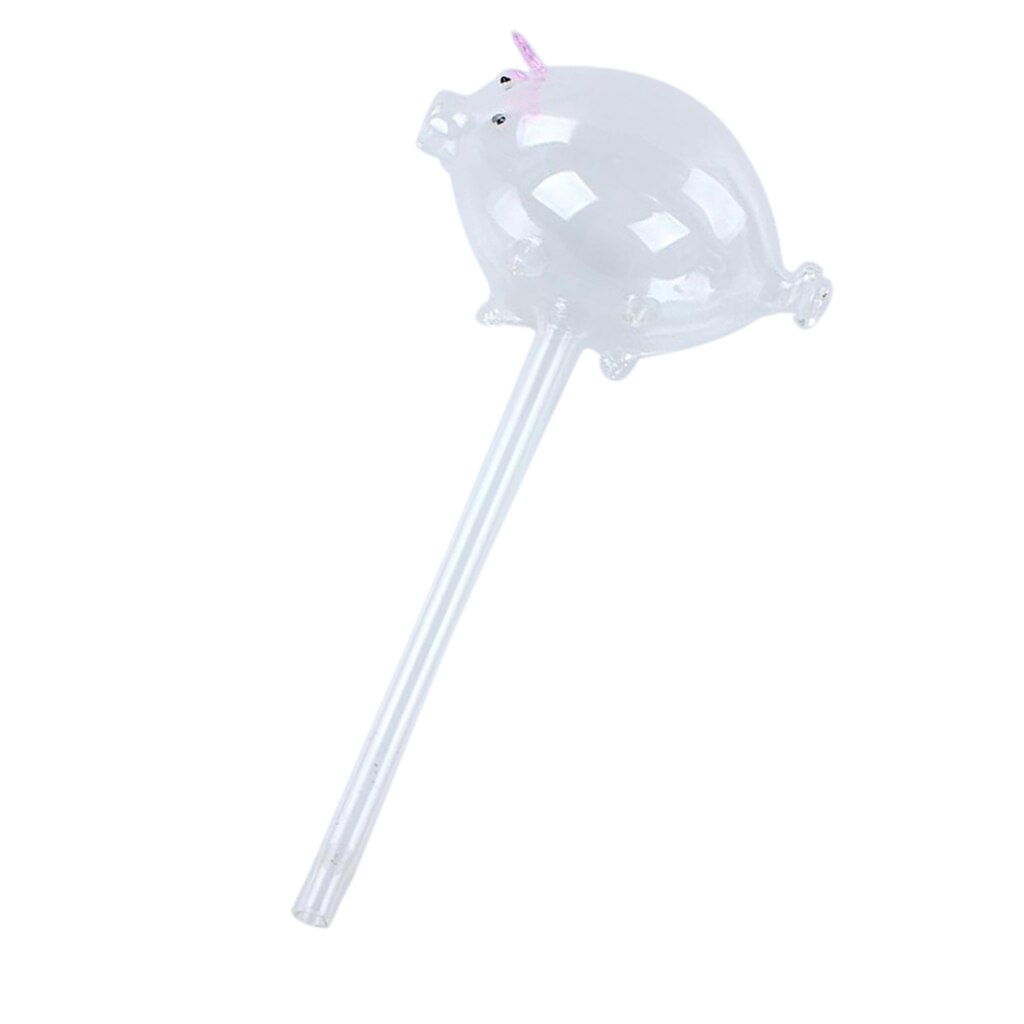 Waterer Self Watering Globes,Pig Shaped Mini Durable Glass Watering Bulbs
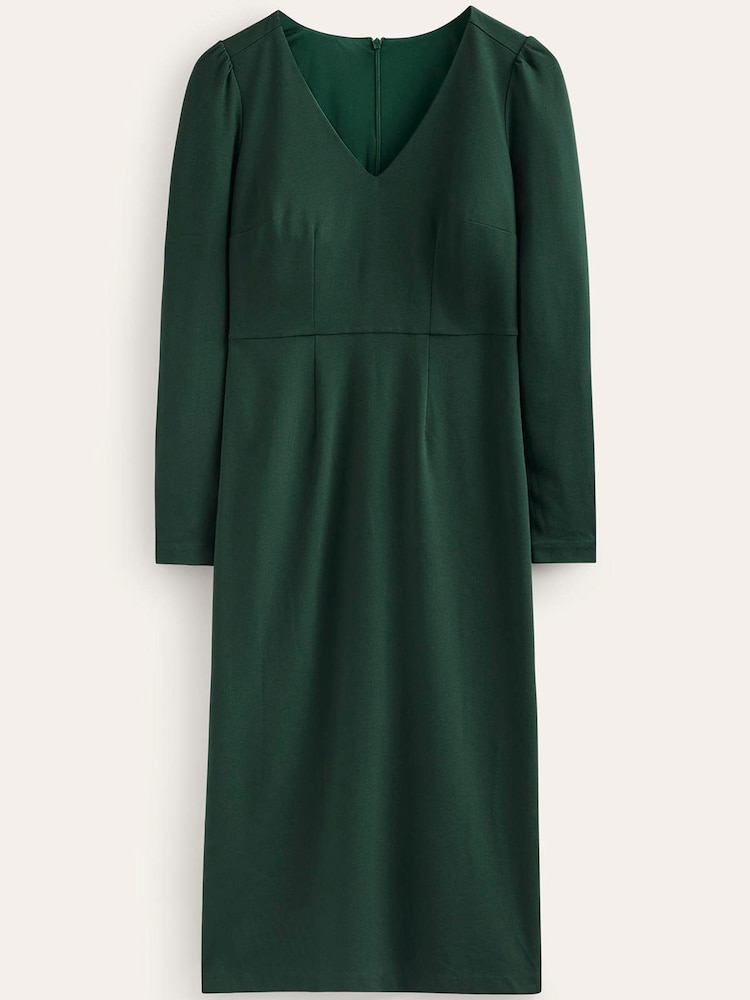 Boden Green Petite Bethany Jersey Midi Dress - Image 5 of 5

────────────────────

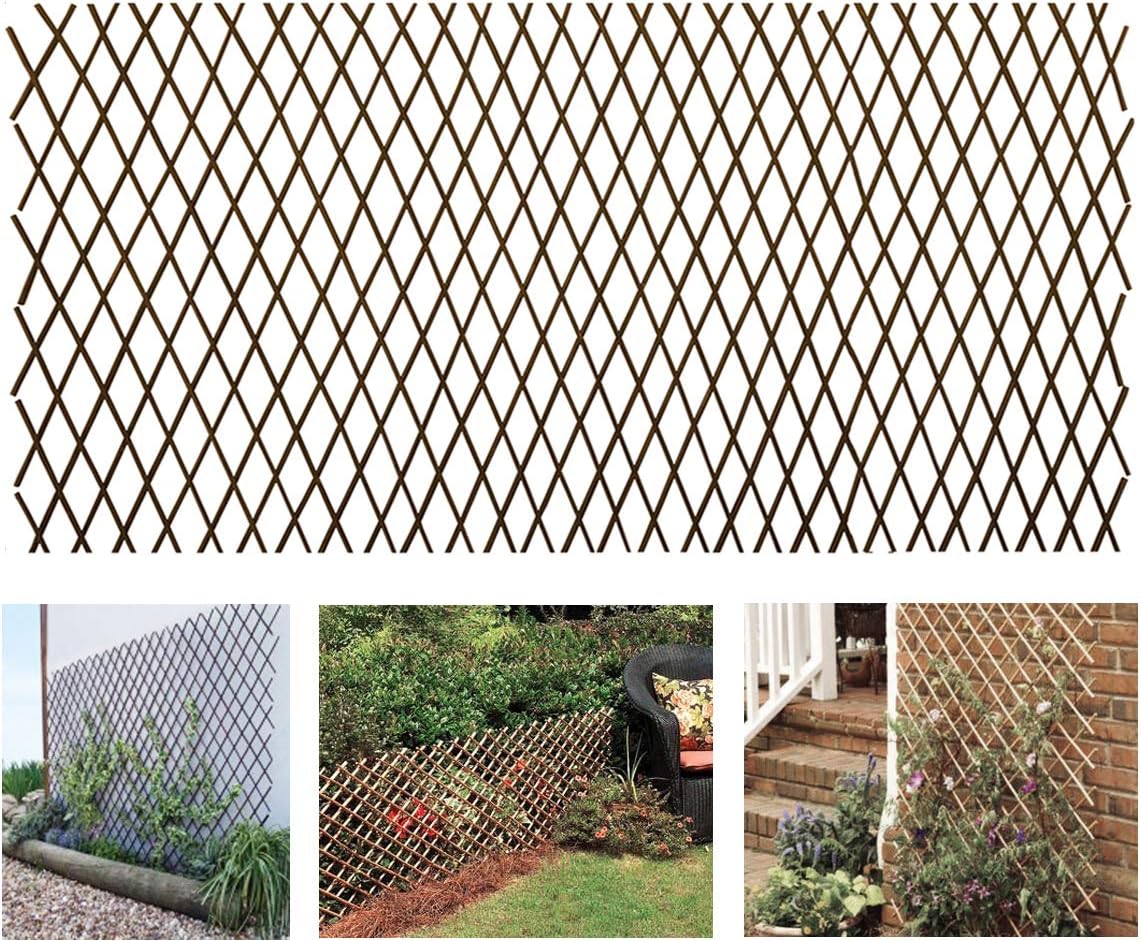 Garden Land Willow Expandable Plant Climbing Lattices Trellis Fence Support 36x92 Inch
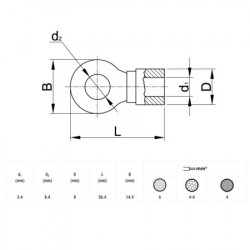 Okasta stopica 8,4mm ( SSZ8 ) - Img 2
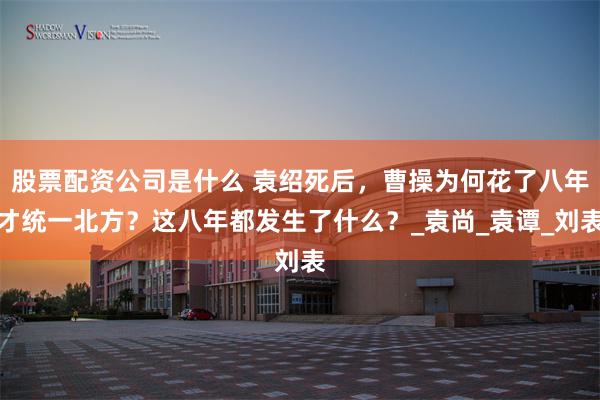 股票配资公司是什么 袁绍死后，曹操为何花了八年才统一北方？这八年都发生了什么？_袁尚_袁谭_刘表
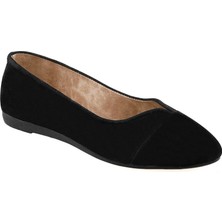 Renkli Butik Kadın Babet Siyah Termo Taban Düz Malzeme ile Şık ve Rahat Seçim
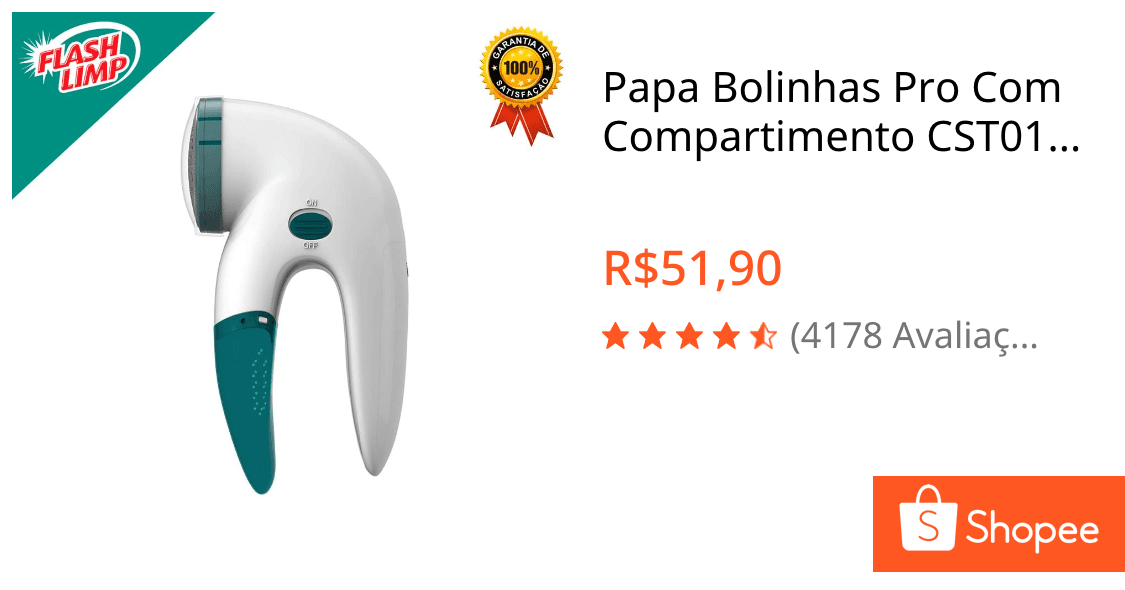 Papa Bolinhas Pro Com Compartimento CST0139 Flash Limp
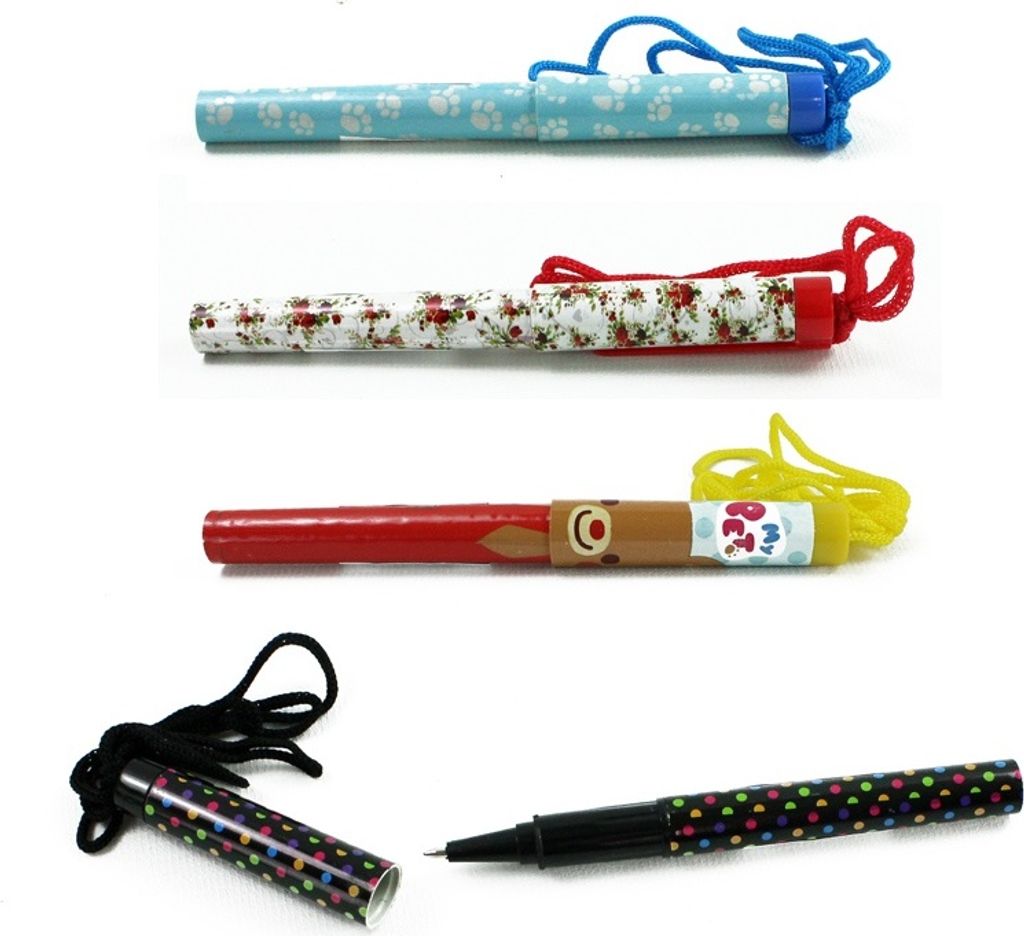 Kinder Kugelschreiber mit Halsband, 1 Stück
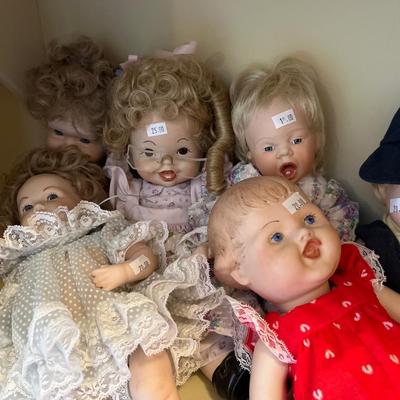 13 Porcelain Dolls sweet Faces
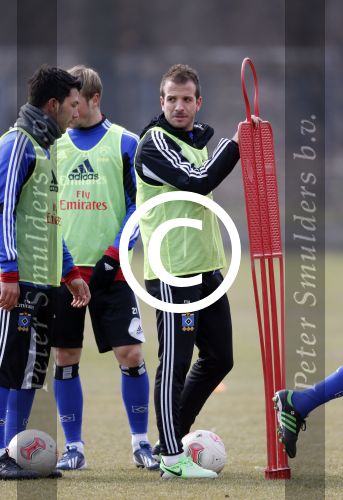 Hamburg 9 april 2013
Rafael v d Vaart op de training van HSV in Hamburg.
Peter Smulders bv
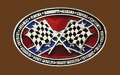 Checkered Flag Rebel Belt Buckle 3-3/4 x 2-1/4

────────────────────

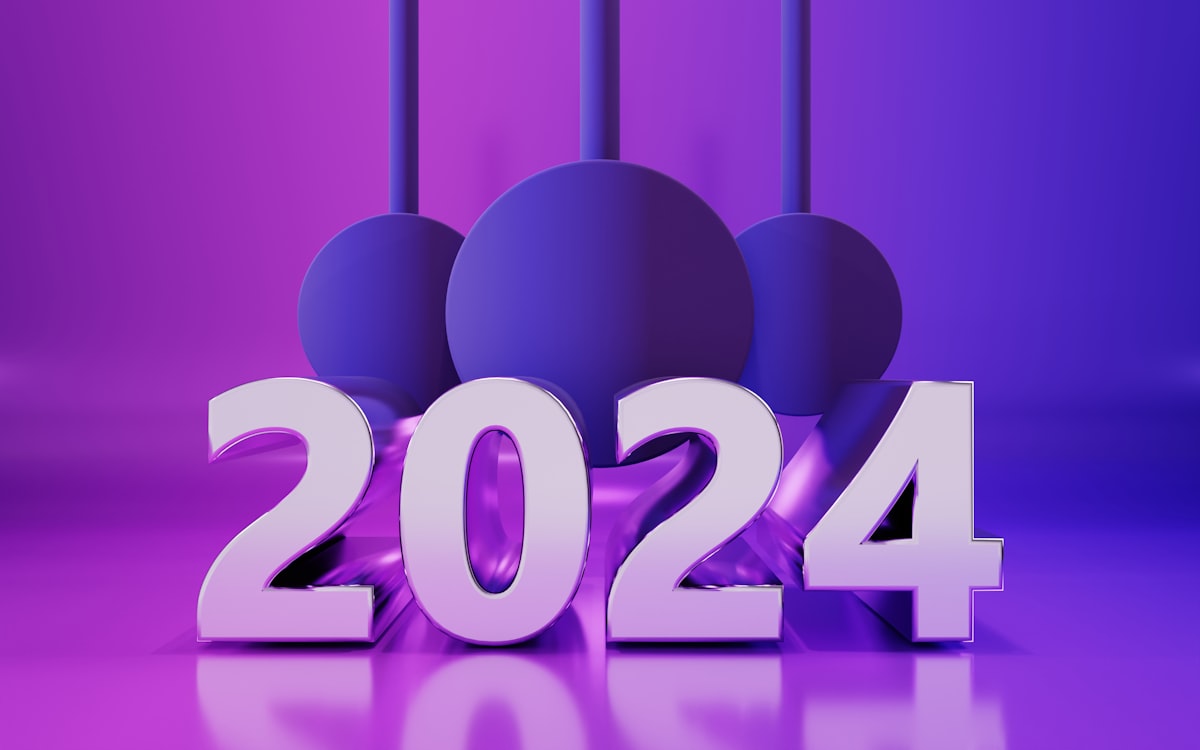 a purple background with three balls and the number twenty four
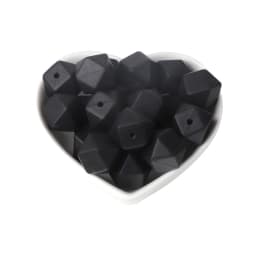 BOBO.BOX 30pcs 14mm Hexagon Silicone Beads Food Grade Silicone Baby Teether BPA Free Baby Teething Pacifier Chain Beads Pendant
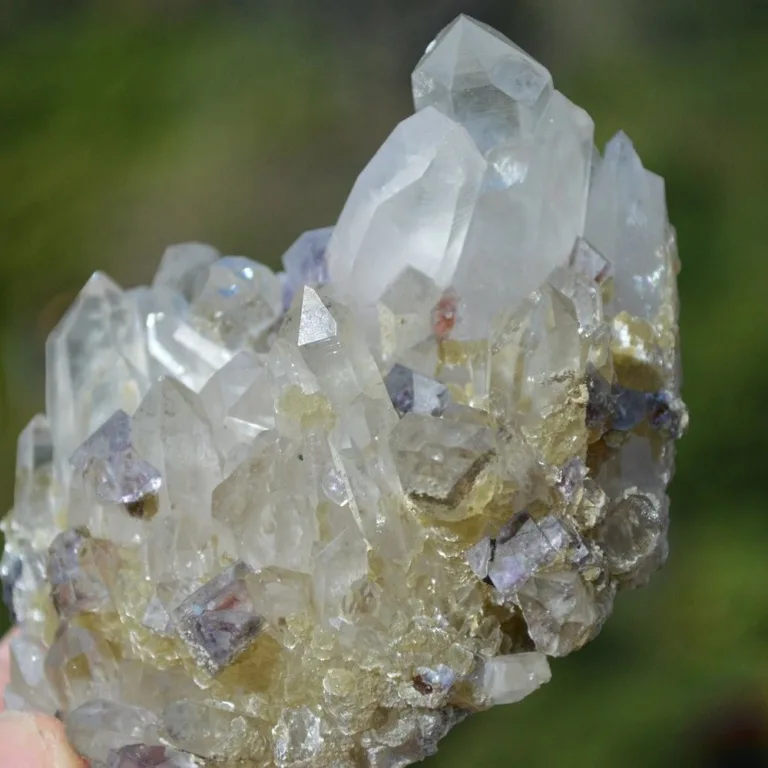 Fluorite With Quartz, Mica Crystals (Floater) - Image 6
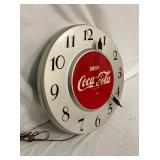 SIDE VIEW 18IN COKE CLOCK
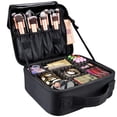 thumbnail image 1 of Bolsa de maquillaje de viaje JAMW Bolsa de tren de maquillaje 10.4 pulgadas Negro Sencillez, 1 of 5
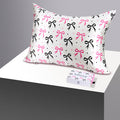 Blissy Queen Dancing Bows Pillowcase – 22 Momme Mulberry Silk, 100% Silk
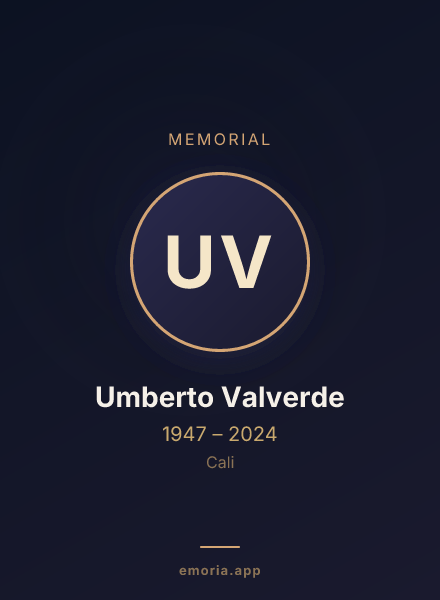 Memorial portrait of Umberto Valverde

────────────────────

• WORK REQUEST: Taking the entries above, copy word for word the lines from the one with "Papa Bolinhas Pro" up to and including the one with "Checkered Flag Rebel", without any picture.

• YOUR SOLUTION:
 Papa Bolinhas Pro Com Compartimento CST0139 Flash Limp
 Kinder Kugelschreiber mit Halsband, 1 Stück
 13 Porcelain Dolls sweet Faces
 Hamburg 9 april 2013
Rafael v d Vaart op de training van HSV in Hamburg.
Peter Smulders bv
 Checkered Flag Rebel Belt Buckle 3-3/4 x 2-1/4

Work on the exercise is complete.